- **Stored data**:
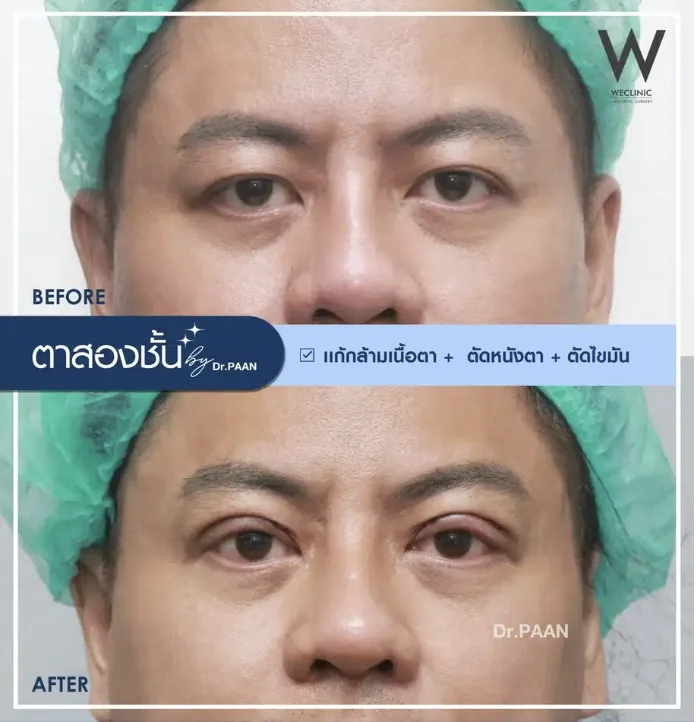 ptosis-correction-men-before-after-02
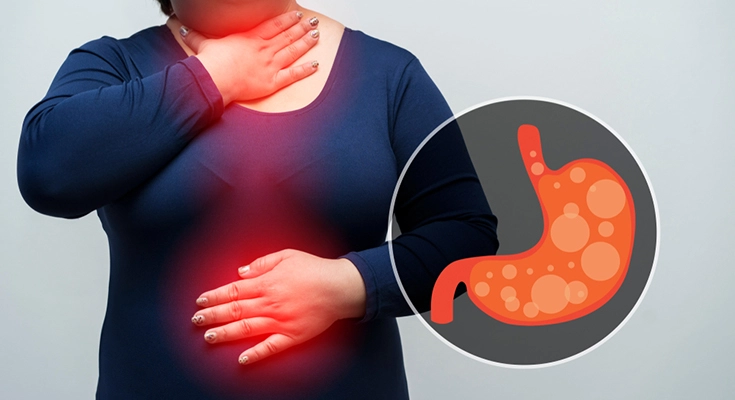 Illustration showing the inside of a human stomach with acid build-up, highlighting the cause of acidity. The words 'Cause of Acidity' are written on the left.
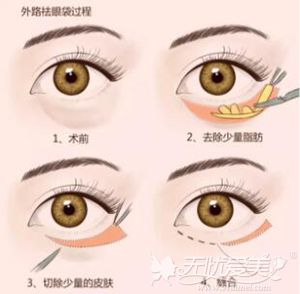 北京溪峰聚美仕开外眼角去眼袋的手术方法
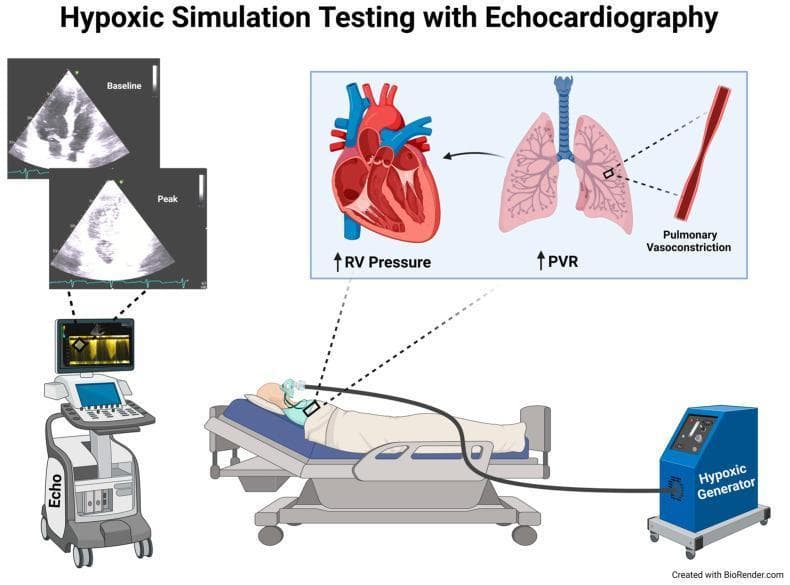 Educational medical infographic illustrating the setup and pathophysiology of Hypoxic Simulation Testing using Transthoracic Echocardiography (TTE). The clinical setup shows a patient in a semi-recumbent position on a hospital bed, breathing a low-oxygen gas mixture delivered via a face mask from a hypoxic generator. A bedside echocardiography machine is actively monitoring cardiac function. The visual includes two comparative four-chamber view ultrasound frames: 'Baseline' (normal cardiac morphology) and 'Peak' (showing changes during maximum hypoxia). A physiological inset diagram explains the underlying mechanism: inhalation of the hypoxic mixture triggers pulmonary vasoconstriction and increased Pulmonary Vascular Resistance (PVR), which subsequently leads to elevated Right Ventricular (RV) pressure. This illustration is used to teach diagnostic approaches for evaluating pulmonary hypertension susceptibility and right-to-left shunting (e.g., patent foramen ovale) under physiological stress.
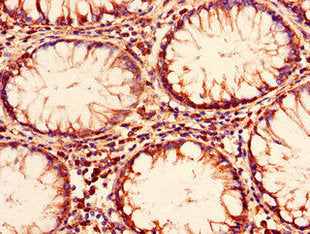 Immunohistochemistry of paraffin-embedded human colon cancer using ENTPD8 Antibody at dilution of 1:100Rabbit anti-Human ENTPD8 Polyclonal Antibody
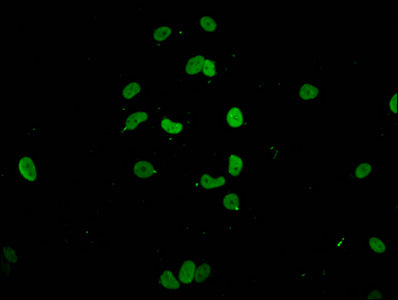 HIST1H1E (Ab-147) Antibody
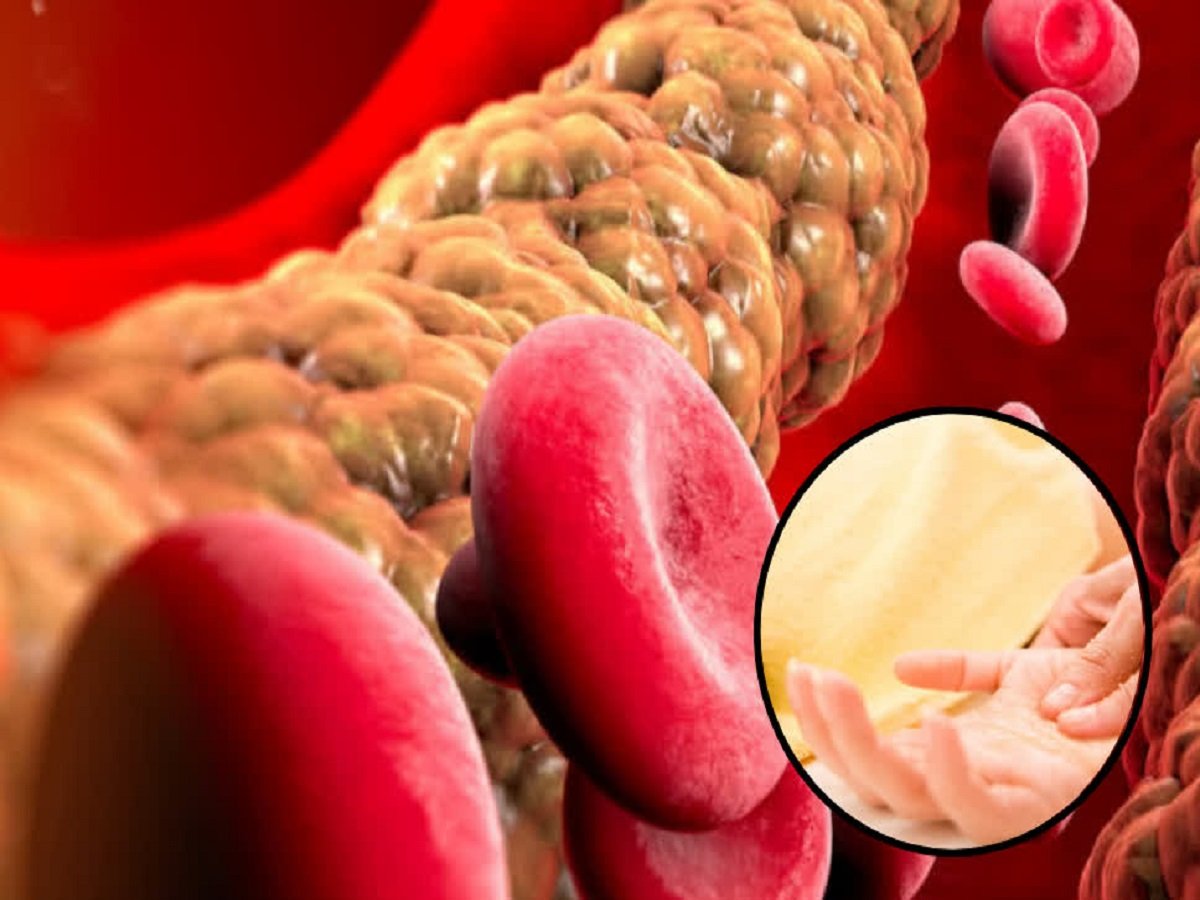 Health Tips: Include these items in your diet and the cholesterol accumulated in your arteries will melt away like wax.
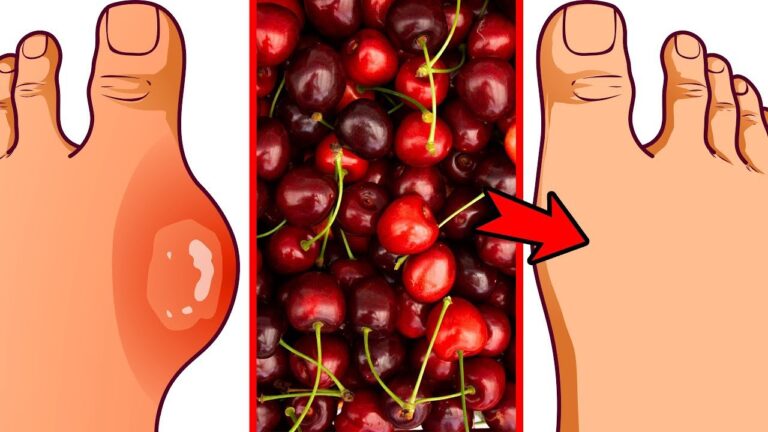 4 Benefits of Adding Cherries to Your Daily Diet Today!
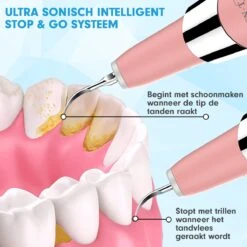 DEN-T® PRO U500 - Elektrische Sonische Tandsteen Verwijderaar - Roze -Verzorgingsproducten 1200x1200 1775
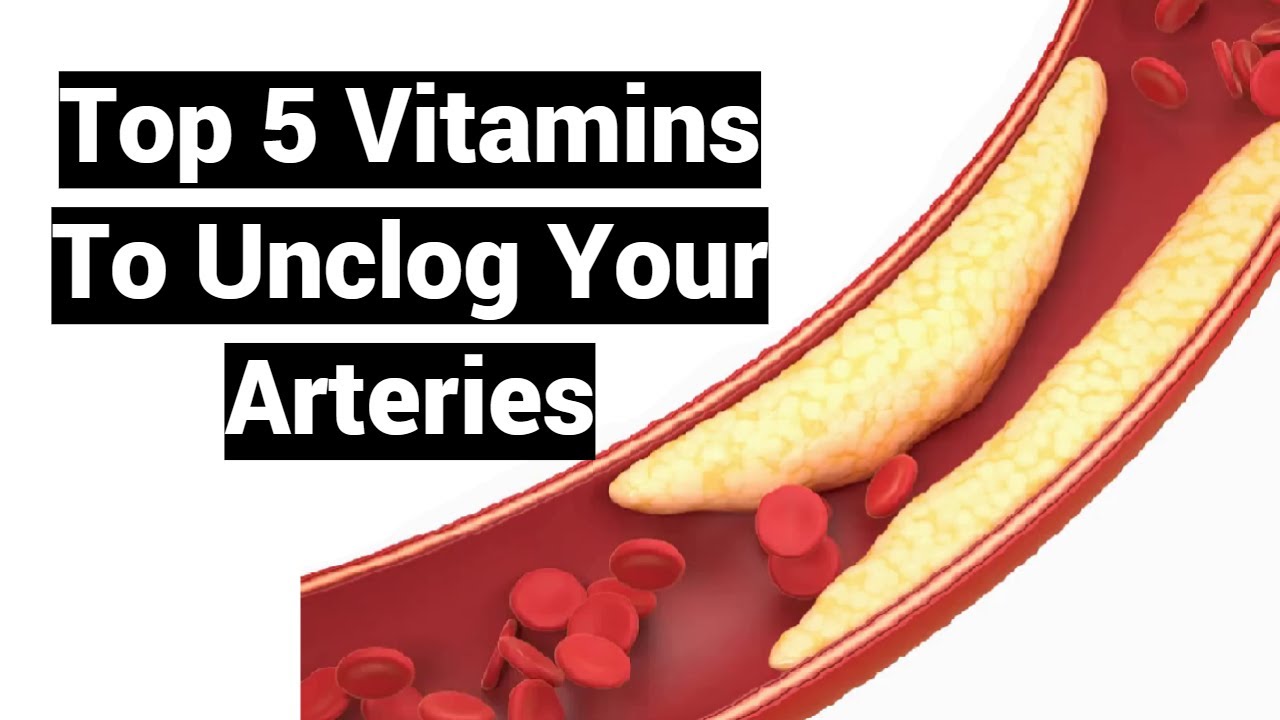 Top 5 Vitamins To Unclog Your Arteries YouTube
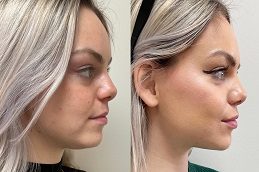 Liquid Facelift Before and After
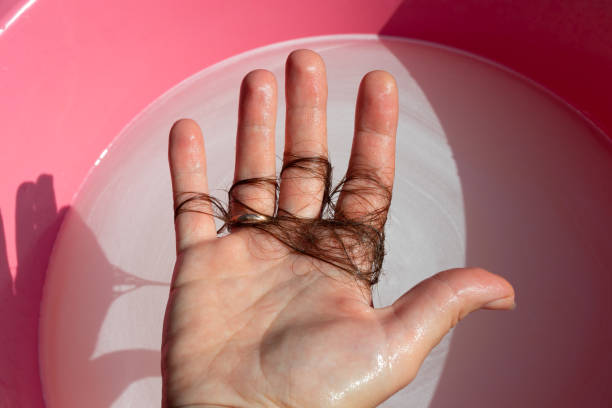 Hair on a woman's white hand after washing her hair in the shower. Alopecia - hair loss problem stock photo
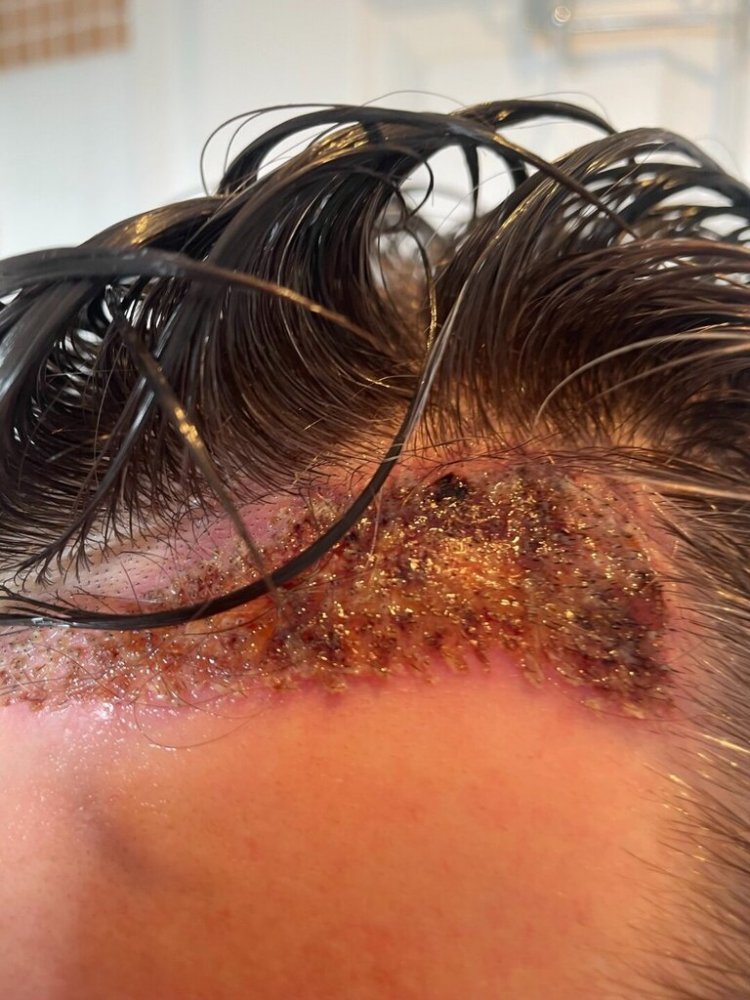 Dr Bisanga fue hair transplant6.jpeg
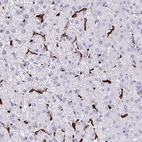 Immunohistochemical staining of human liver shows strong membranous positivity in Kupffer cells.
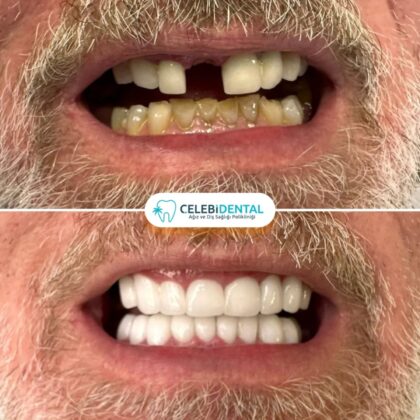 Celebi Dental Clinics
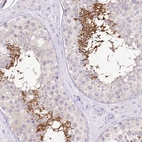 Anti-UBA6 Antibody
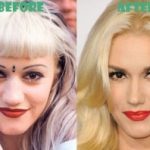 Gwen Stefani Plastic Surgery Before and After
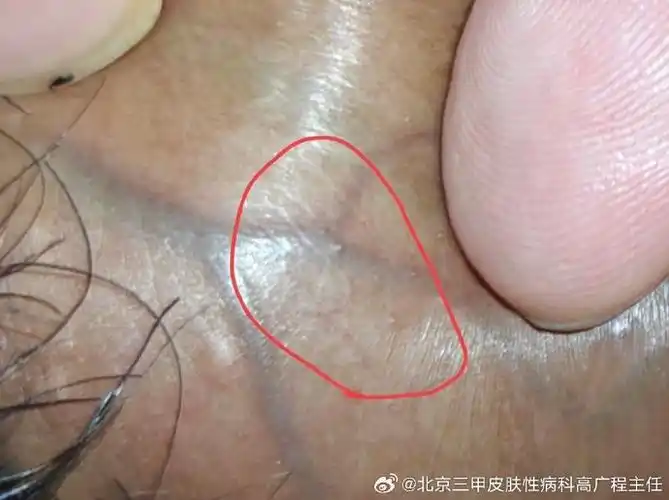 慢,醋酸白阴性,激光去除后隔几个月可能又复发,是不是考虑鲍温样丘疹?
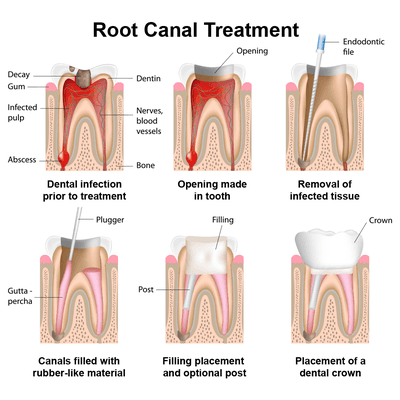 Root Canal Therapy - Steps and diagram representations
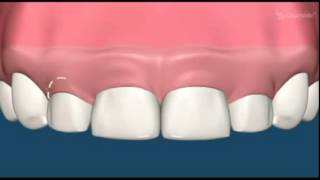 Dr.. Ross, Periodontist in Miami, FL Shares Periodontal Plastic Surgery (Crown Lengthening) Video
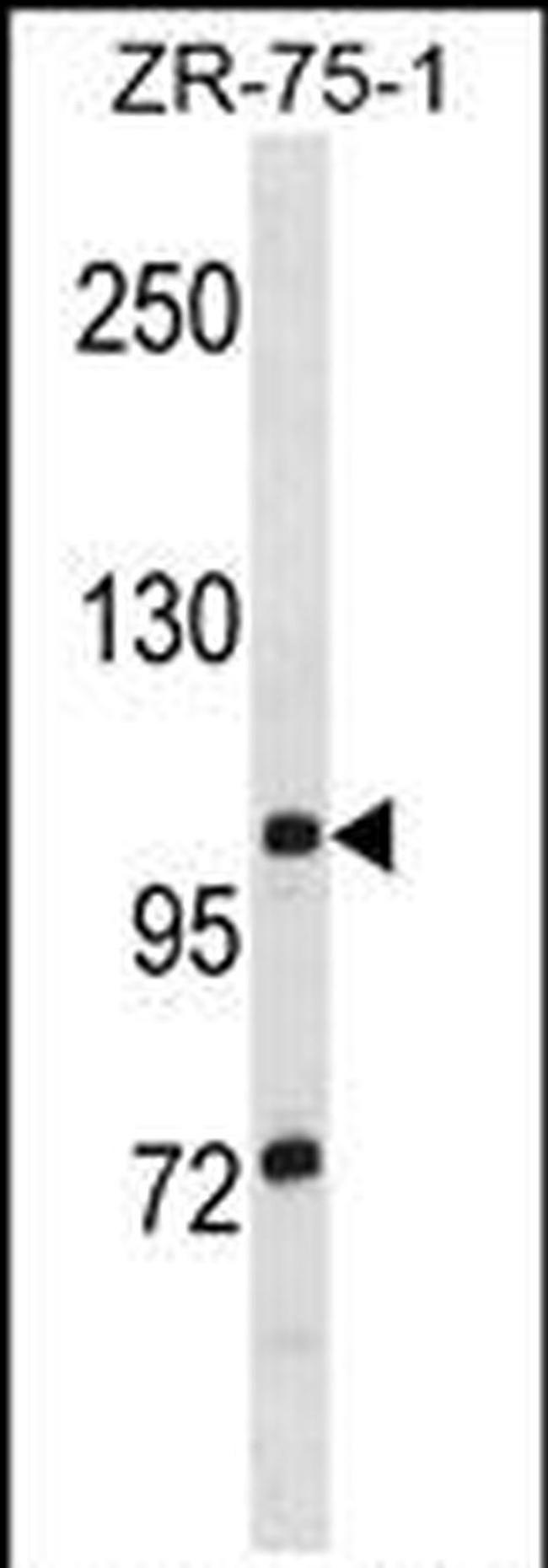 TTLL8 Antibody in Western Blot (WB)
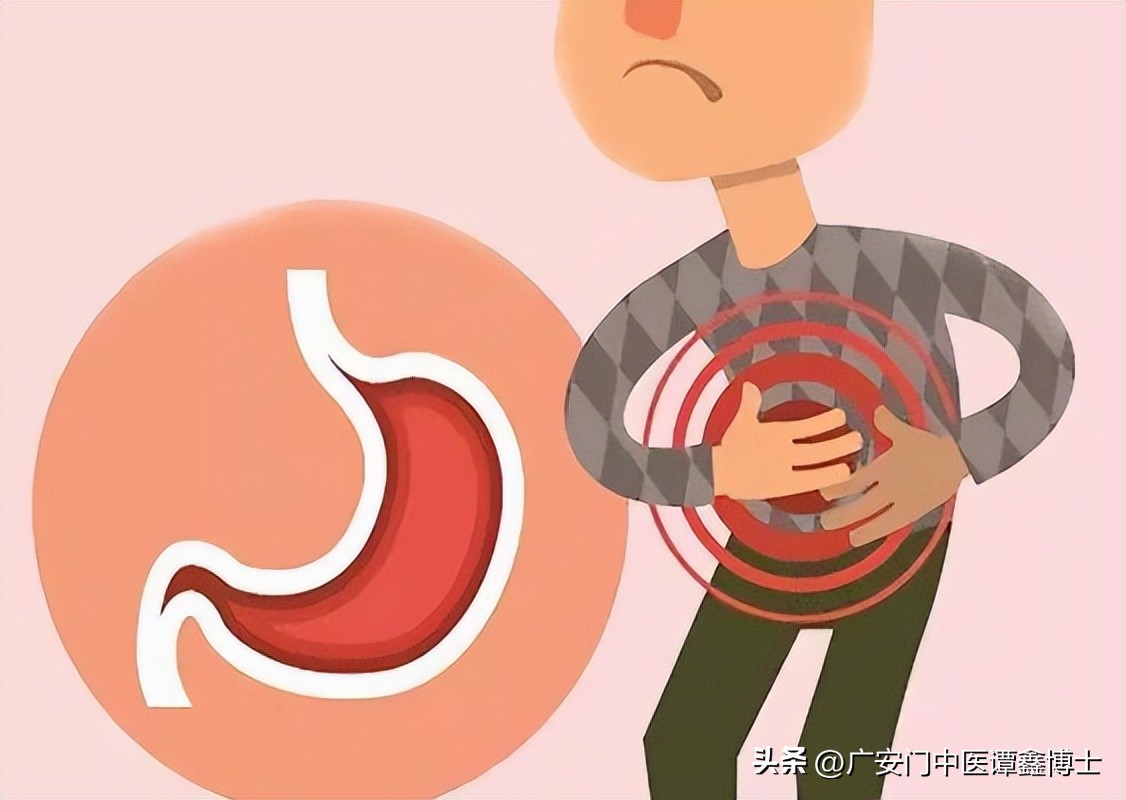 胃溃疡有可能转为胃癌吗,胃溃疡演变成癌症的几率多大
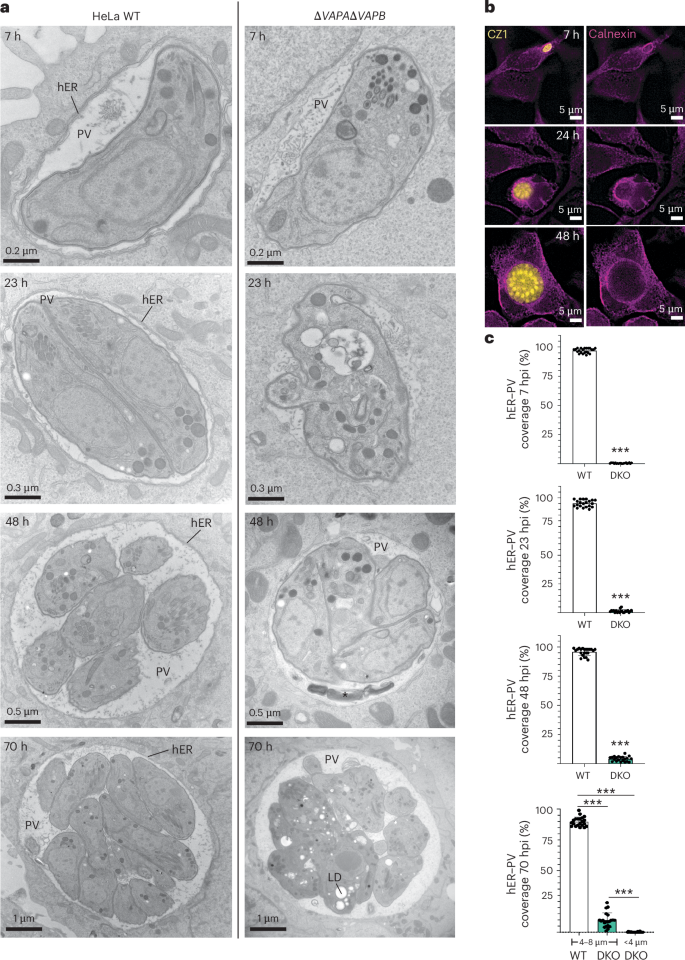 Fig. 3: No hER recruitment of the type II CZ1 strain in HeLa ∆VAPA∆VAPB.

- **To do**:
Wherever an image appears, omit it; copy the rest of the records exactly.

- **Solution below**:
 ptosis-correction-men-before-after-02
 Illustration showing the inside of a human stomach with acid build-up, highlighting the cause of acidity. The words 'Cause of Acidity' are written on the left.
 北京溪峰聚美仕开外眼角去眼袋的手术方法
 Educational medical infographic illustrating the setup and pathophysiology of Hypoxic Simulation Testing using Transthoracic Echocardiography (TTE). The clinical setup shows a patient in a semi-recumbent position on a hospital bed, breathing a low-oxygen gas mixture delivered via a face mask from a hypoxic generator. A bedside echocardiography machine is actively monitoring cardiac function. The visual includes two comparative four-chamber view ultrasound frames: 'Baseline' (normal cardiac morphology) and 'Peak' (showing changes during maximum hypoxia). A physiological inset diagram explains the underlying mechanism: inhalation of the hypoxic mixture triggers pulmonary vasoconstriction and increased Pulmonary Vascular Resistance (PVR), which subsequently leads to elevated Right Ventricular (RV) pressure. This illustration is used to teach diagnostic approaches for evaluating pulmonary hypertension susceptibility and right-to-left shunting (e.g., patent foramen ovale) under physiological stress.
 Immunohistochemistry of paraffin-embedded human colon cancer using ENTPD8 Antibody at dilution of 1:100Rabbit anti-Human ENTPD8 Polyclonal Antibody
 HIST1H1E (Ab-147) Antibody
 Health Tips: Include these items in your diet and the cholesterol accumulated in your arteries will melt away like wax.
 4 Benefits of Adding Cherries to Your Daily Diet Today!
 DEN-T® PRO U500 - Elektrische Sonische Tandsteen Verwijderaar - Roze -Verzorgingsproducten 1200x1200 1775
 Top 5 Vitamins To Unclog Your Arteries YouTube
 Liquid Facelift Before and After
 Hair on a woman's white hand after washing her hair in the shower. Alopecia - hair loss problem stock photo
 Dr Bisanga fue hair transplant6.jpeg
 Immunohistochemical staining of human liver shows strong membranous positivity in Kupffer cells.
 Celebi Dental Clinics
 Anti-UBA6 Antibody
 Gwen Stefani Plastic Surgery Before and After
 慢,醋酸白阴性,激光去除后隔几个月可能又复发,是不是考虑鲍温样丘疹?
 Root Canal Therapy - Steps and diagram representations
 Dr.. Ross, Periodontist in Miami, FL Shares Periodontal Plastic Surgery (Crown Lengthening) Video
 TTLL8 Antibody in Western Blot (WB)
 胃溃疡有可能转为胃癌吗,胃溃疡演变成癌症的几率多大
 Fig. 3: No hER recruitment of the type II CZ1 strain in HeLa ∆VAPA∆VAPB.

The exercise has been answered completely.